At the risk of discouraging aspiring writers (but in the interest of correcting false impressions with the book-buying public), let me set the record straight: While Hoffman claims that "everyone tours, illustrious authors and first-time novelists, egomaniacs and homebodies," the facts are otherwise. Upward of 50,000 titles are published annually in this country, but no more than a few hundred authors, if that, are sent by publishers on book promotion tours. Of those who do tour, few are treated quite so luxuriously as Hoffman, with rooms in "terrific" hotels and knowledgeable, competent escorts to make everything seem effortless.
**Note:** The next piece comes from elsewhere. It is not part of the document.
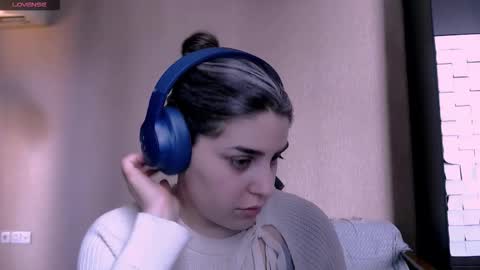 Snapshot of roselina_ chatting on November 22, 2025, 11:09 am Rose online show from November 22, 2025, 11:09 am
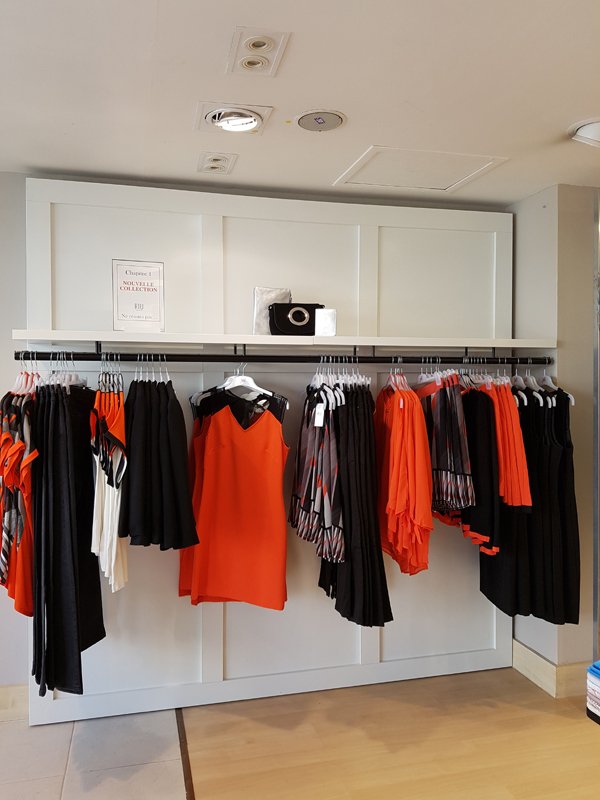 RIU_Paris's tweet photo. Toute nouvelle, toute belle, votre boutique RIU de La Roche sur Yon a réouvert ses portes ce mercredi 02 août ! https://t.co/8Bj18YHjL2 https://t.co/cMJ2L6xhdM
My first book tour went more like this: The publisher agreed to reimburse me for the cheapest possible air fare and necessary local transportation in and between New York, Boston and Washington, D.C. I was expected to take care of everything else. Since I was a typical first-time author, I had expended my life savings to finish writing the book. So I spent nights on living room sofas of friends and acquaintances and subsisted on charity, fast food or supermarket fruit. I made over 20 media appearances, including some on network television, but none in bookstores. The publisher somehow neglected to get any copies of my book into these establishments, so people could hear me on radio, see me on TV or read about me in the newspaper--but they couldn't actually buy my book in a store.

None of the publishers of my seven subsequent books saw fit to arrange an out-of-town tour of any kind. Whatever publicity these books generated was largely due to my own efforts. And of course, it was at my own expense.